結果がすべて返ってきて、母ちゃんから次回のテストで点数上がるまで小遣いカット宣言されて、それはもうガッカリした日の翌日。
「……え……今、何時? ……はぁぁぁぁ?!」
ささやかながらのテスト勉強に加えて、お隣さんのファンタジーコスプレ寸劇鑑賞を連日していたせいもあって、寝不足が積み重なっていたのは自覚してたけど……昼の十時かよ! 大遅刻確定じゃねーかっ!
慌ててベッドから飛び起きて制服に着替えてリビングへ向かうと、テーブルの上に弁当とバナナ、そしてメモが置かれていた。
『しっかり行って、怒られて来なさい 母より』
うう……高校に入ってから、義務教育終わったんだし自分のケツは自分で拭けるようになってね、という母ちゃんの教育方針で、朝の起床が遅くても起こしてくれないようになった。ガミガミ怒るタイプじゃないけれど、結構シビアな愛のムチは効きまくる。

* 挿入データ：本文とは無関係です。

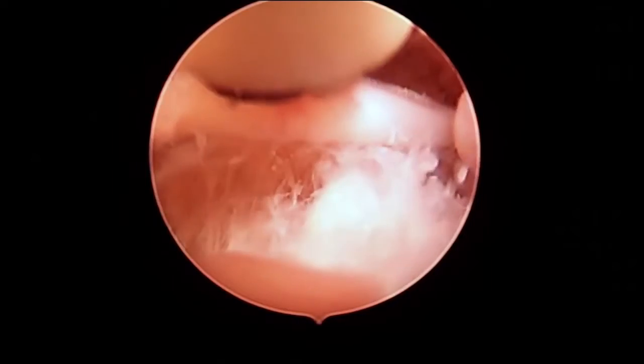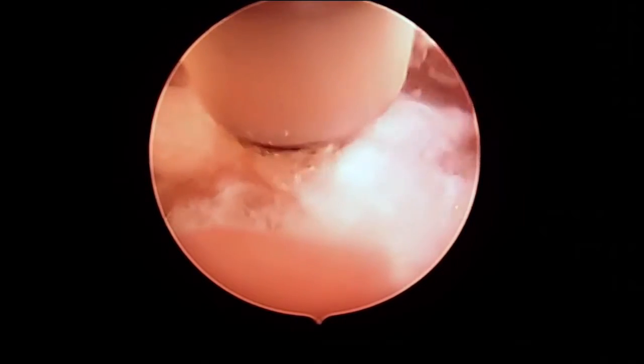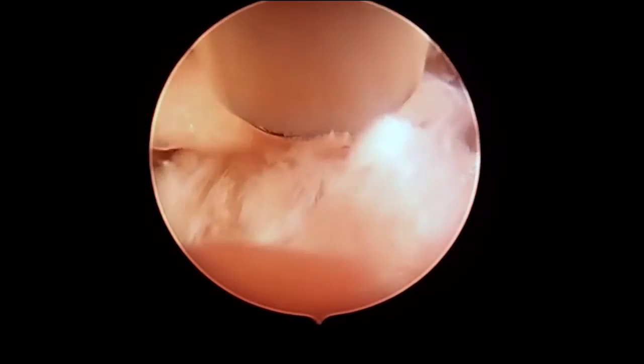We're ready to take a permanent step in relieving that pain called direct visualized rhizotomy. This is about a 30-minute procedure. You can be asleep or sedated for the procedure. We go in with a scope to the same nerves that we numbed up in the medial branch block, and now we cut them.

俺は急いでバナナを食べ切ると、弁当をカバンに入れて家を飛び出した。
どうにか三限目の終わりぐらいには滑り込めそうか? でも授業中に駆け込んで注目されたくないから、休み時間になるまで待ってたほうがいいか……?
考えながら走り続ければ、授業中で静まり切った学校へ到着する。
靴を履き替え、乱れた息を整えている最中――。
「――くな……待て! ――……逃げるのだけは――」
玄関から近い所にある階段あたりから、人の声と、強く踏み込んだり走ったりする足音が聞こえてくる。
声は、たぶん圭次郎。
授業中なのに何やってんだ? まさか教室抜け出して寸劇の練習?
足を忍ばせて曲がり角まで移動し、俺は少しだけ顔を覗かせて様子を探る。
てっきり圭次郎だけだと思っていたらそうじゃなくて、思わず俺の目が点になった。
階段の前に立ち、圭次郎は険しい顔で見上げていた。
その視線を追っていくと――階段の踊り場に立つ、全身黒タイツの男。顔まで黒いマスクで覆い尽くしてやがる。
……誰?! 何してんだよ、こんな所で!
息を殺して二人の様子をうかがっていると、圭次郎は男に向かって指差した。
「火の精霊よ、紅蓮の鎖で我が敵を捕縛せよ……っ!」
低い声で圭次郎が呟いた瞬間、男は踊り場から一気に階段の一番下まで飛び降りて着地する。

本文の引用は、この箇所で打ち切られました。